Ces codes et ces relations symboliques, se déployant dans les espaces où se déroulent les dynamiques sociétales, où s'identifient les membres de la communauté, où s'interprètent les signes, les indices, les symboles et les actes de paroles, constituant le substrat de l'expression de l'imaginaire linguistique et culturel partagé par l'ensemble des composantes de la société algérienne.
La volonté politique de forclusion de ce substrat appelle inexorablement les moyens de sa survie, sous forme diverses de résistances, de résurgences ou de résilience.
Car tout en n'étant pas de l'ordre du politique, la question linguistique, et notamment celle des langues maternelles algériennes, a été constamment subvertie et durablement pervertie par les sursauts et les soubresauts du volontarisme politicien, à présent opacifié par un tintamarre de vociférations et de contre-vociférations.
Ce qui entravera encore, et pour longtemps, une relation sereine et apaisée entre la société algérienne et ses propres paroles.
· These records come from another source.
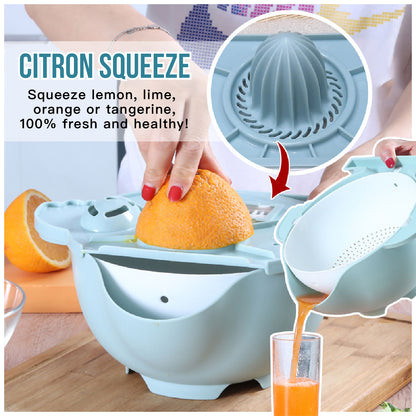 Rallador triturador 7 en 1, escurridor, picador de queso y verduras, rebanador, multifunción, juego de 9 piezas, utensilio de cocina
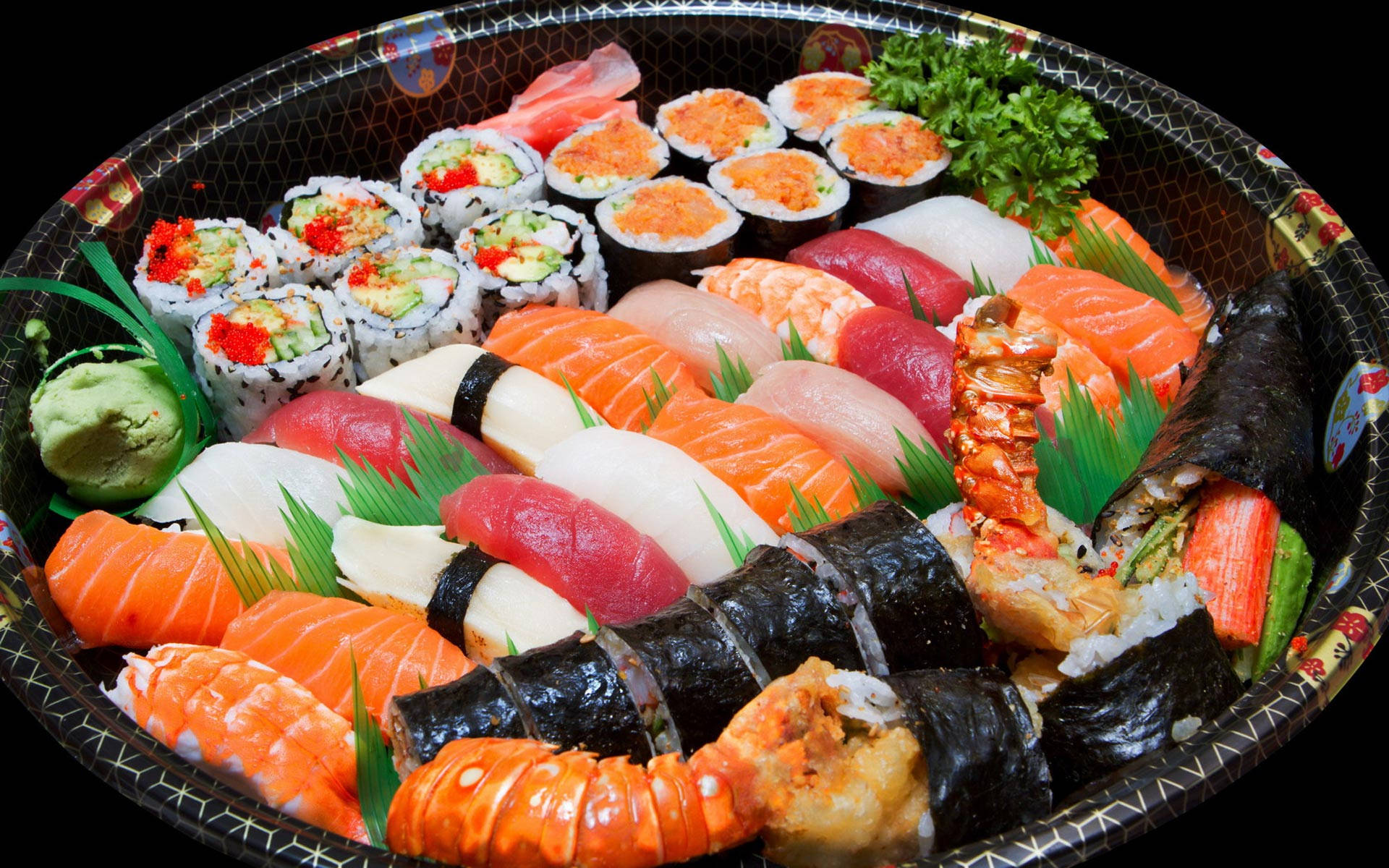 Sashimi And Maki Round Platter Background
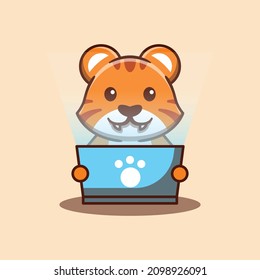Cute tiger at work in front of laptop vector cartoon illustration. Flat cartoon style. Isolated cute tiger. Suitable for stickers, web landing pages and more.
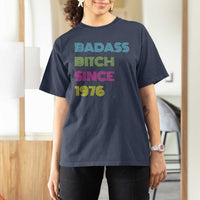 Funny 50th Birthday T Shirt For Women Retro Vintage Badass Bih Since 1976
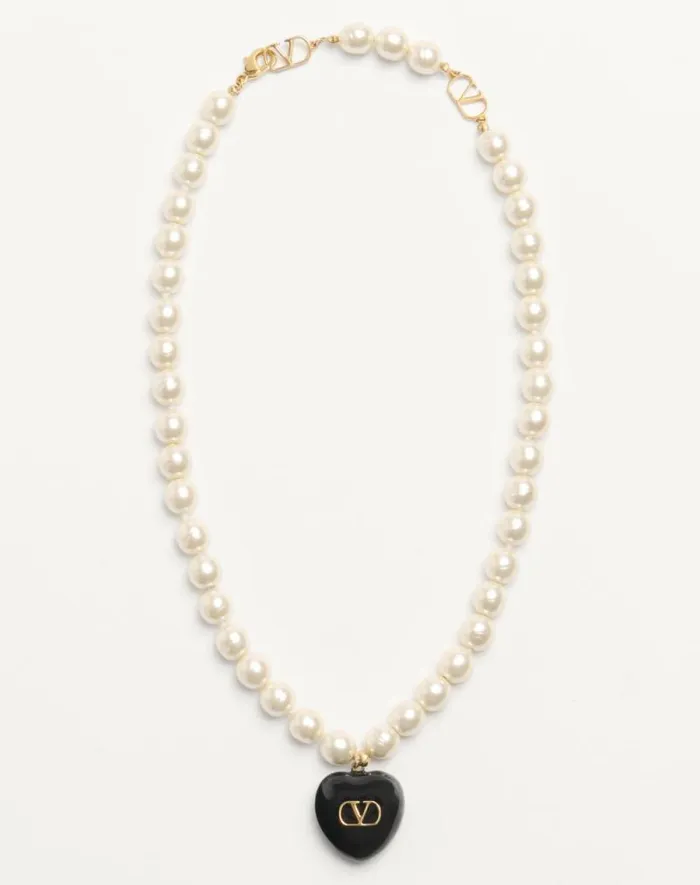 Valentino Jewelry Woman Coeur Royal Necklace In Metal Enamel And Beads For Woman In Multicolor Multicolor Valentino Jewelry Woman Coeur Royal Necklace In Metal Enamel And Beads For Woman In Multicolor Multicolor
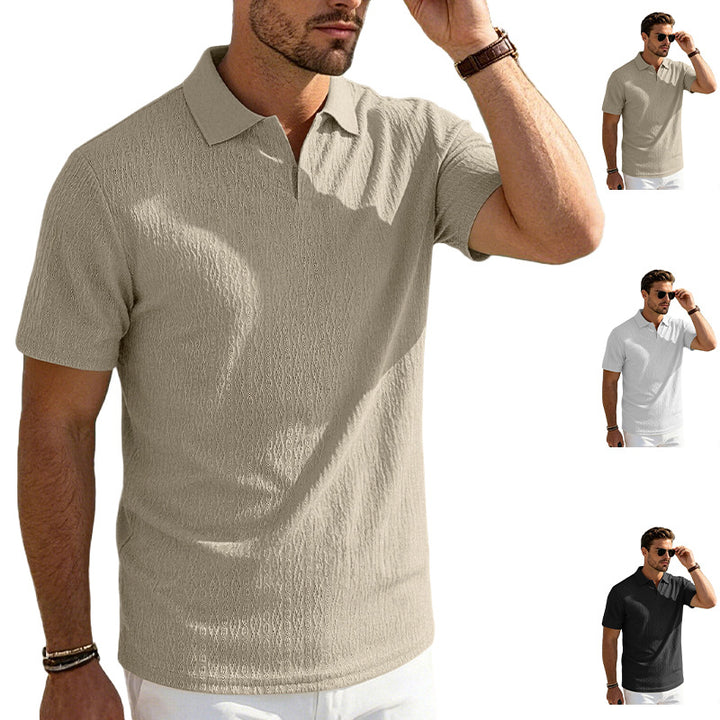 Herren nan elegantes Kurzarm-Polo aus strukturierter Micro-Jacquard-Baumwollmischung mit formstabilem Hemdkragen Drune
Ses propres mots et ses propres langues.

NOTES
1) En 2010, dans son Atlas portant sur les langues en danger, l'Unesco avait recensé treize langues algériennes en péril avancé, parmi les 2500 langues menacées de disparition dans le monde sur les 6900 qui sont parlées à travers la planète.
– Le korendje, langue locale qui compte 5000 locuteurs autour de Tabelbala ; Ksar Sidi Belkhier et Ksar Cheraïa, dans le Sud
– Tagargrant, encore parlée par quelque 15 000 personnes à Ouargla
– Tachenwit dans la région de Tipasa (20 000 locuteurs)
– Tamahak (dérivé Tamashek) à Tamanrasset et Djanet (120 000 locuteurs)
– Tamzabit, dans la vallée du M'zab (plus de 120 000 locuteurs)
– Tasnusit dans les monts de Béni-Snous, dans la région de Tlemcen
– Tagouraït dans le mont Gouraya
– Taznanit dans la région de Timimoun et de Tamentit (80 000 locuteurs)
– Tidikelt à Aïn Salah (50 000 locuteurs)
– Zenatiya dans les monts de l'Ouarsenis.
Sans compter un faisceau de variétés de tachalhit qui sont parlées à Lahmar, Oukda, Boukaïs aux environs de Béchar ou Boussemghoun…
L'édition de cet Atlas, faut il le rappeler, a été réalisée par 25 linguistes confirmés, sous la direction de l'Australien Christopher Moseley (Partie Maghreb assurée par Salem Mezhoud, Yamina el Kirat, Bonnie Stalls) pour le compte de l'Unesco
2)- Voir vidéoconférence sur les langues et les cultures en Algérie enregistrée à l'occasion du Forum d'El Watan, Alger 11 janvier 2014 lien internet : http://www.dailymotion.com/video/x1a6br7_intervention-du-sociologue-rabah-sebaa-a-la-rencontre-les-debats-d-el-watan-du-11-janiver-2014_news
3) Rabeh Sebaa, Arabisation et sciences sociales, Collection Histoire et perspectives méditerranéennes, Edition l'Harmattan, Paris-Montréal, 198 pages, 1996, et 2000
4) Rabeh Sebaa, L'Algérie et langue française ou l'altérité en partage, Edition Publibook, Paris novembre 2013
5) Jacques Berque : Langages arabes du présent». Ed. Gallimard. Paris 1980.